Les différents classements du Val Suzon n'empêchent pas l'exploitation forestière ni même la chasse même si la réglementation encadrent ces activités.

«Beaucoup de soins ont été pris pour l'exploitation des résineux compte-tenu à la fois de la fréquentation et de l'aspect paysager», indique Régis Michon, directeur de l'Office National des Forêts pour la Côte-d'Or et la Saône-et-Loire.

«Il y a des jours de chasse qui sont définis pour éviter les moments très fréquentés», ajoute Marlène Treca, «la forêt domaniale n'est jamais chassée le week-end».

«La forêt souffre»


La forêt du Val Suzon a, elle aussi, souffert des trois étés de sécheresse de 2018 à 2020. «Pour bien se porter, les arbres ont besoin de la pluie de l'année précédente, c'est comme ça qu'ils fabriquent les bourgeons. Nos arbres ont très mal démarré cette année», spécifie Régis Michon. Les hêtres ont été particulièrement touchés.

«Tout ceux qui sont encore en vert ont profité à plein d'un été bien humide et ça fait beaucoup de bien à la nature», s'enthousiasme le directeur interdépartemental de l'ONF.

De plus, au printemps 2021, la forêt a été victime d'une attaque de la chenille du bombyx disparate – remarquable par ses points rouges et bleus – qui a défolié plusieurs centaines d'hectares.

«La forêt souffre, la végétation arborée a énormément souffert des trois canicules», résume Régis Michon qui donne rendez-vous au printemps 2022 pour voir les effets des pluies de 2021.

«Dans les modèles de l'INRA liés au changement climatique, l'est de la France – la Bourgogne-Franche-Comté entre autres – est identifié comme une des régions qui risque le plus de souffrir», renchérit Stéphane Woynaroski.

«On réfléchit à des évolutions des essences», réagit Régis Michon, «dans une réserve naturelle, on va essayer d'éviter de mettre des essences exotiques». Érable champêtre, tilleul, alisier blanc sont actuellement présents sporadiquement dans le Val Suzon. Ils pourraient mieux résister aux canicules que le hêtre ou le chêne pubescent.

«La biodiversité permet une meilleure résilience»
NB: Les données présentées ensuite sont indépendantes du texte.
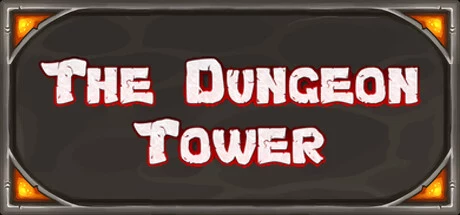 thumb_24370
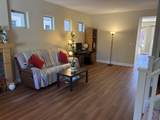 252 Jensen Street - Photo 6
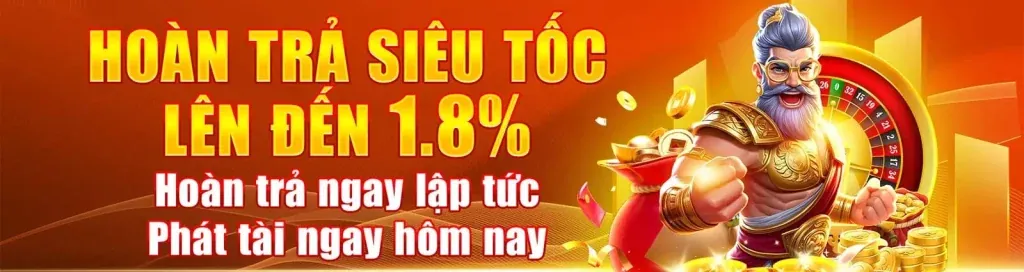 Hình ảnh Nổ Hũ J882 Đăng Nhập với jackpot lớn và tiền vàng
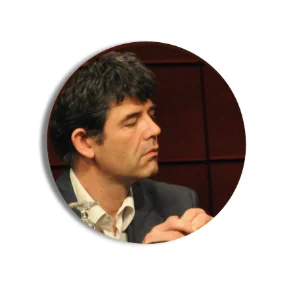 Maître de conférences à l’IAE de Lyon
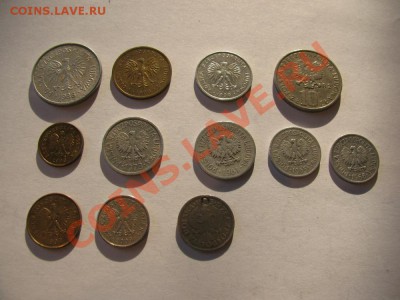 Лот монет Польши до 07.09.11 - IMG_0567.JPG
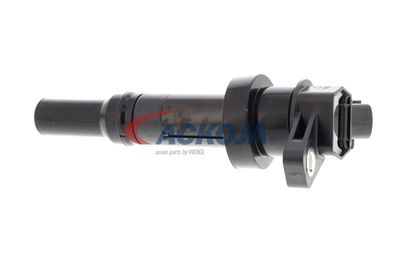 BOBINA DE INDUCTIE ACKOJA A52700021 39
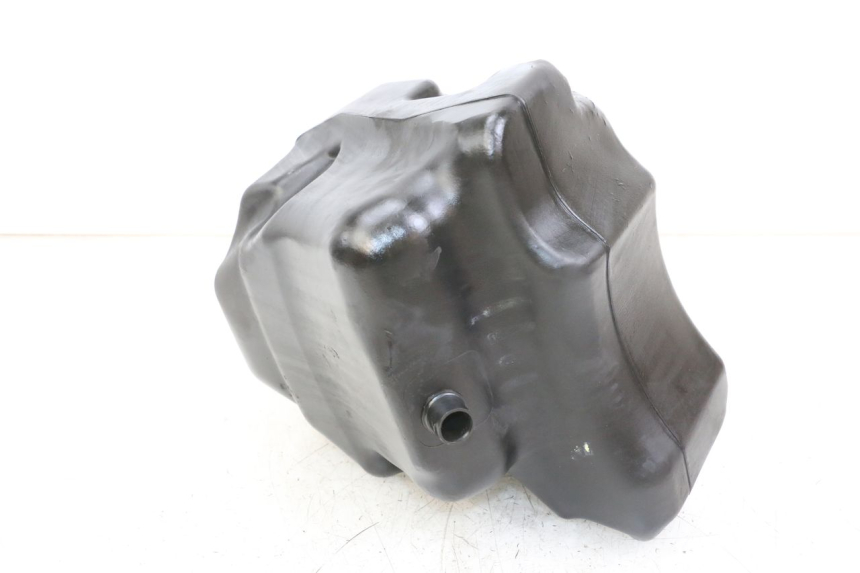 photo de DEPOSITO FUEL YAMAHA NEO'S NEOS 2T EASY 50 (2013 - 2016)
«Les pelouses sèches sont déjà un écosystème très résistants à la canicule et à la sécheresse. Les versants sud vont moins souffrir. On voit pas mal de dépérissement sur les versants nord. (…) On a ici une biodiversité exceptionnelle donc on va pouvoir utiliser ces essences sans faire venir du cèdre du Liban ou des chênes méditerranéen», analyse Régis Michon.

Selon Stéphane Woynaroski, «la biodiversité permet une meilleure résilience, c'est un des intérêts de maintenir la plus grande biodiversité possible. Il faut commencer par voir comment les espèces locales vont s'adapter et changer. C'est dans la biodiversité que l'on trouvera les solutions pour s'adapter au changement climatique».

Jean-Christophe Tardivon

«Les aires protégées, ça ne veut pas dire que l'on met des territoires sous cloche», rappelle Stéphane Woynaroski



















Le parc de Jouvence le samedi 18 septembre 2021

Les deux parties de la vallée du Suzon observées depuis le belvédère de Sainte-Foy (image d'archives)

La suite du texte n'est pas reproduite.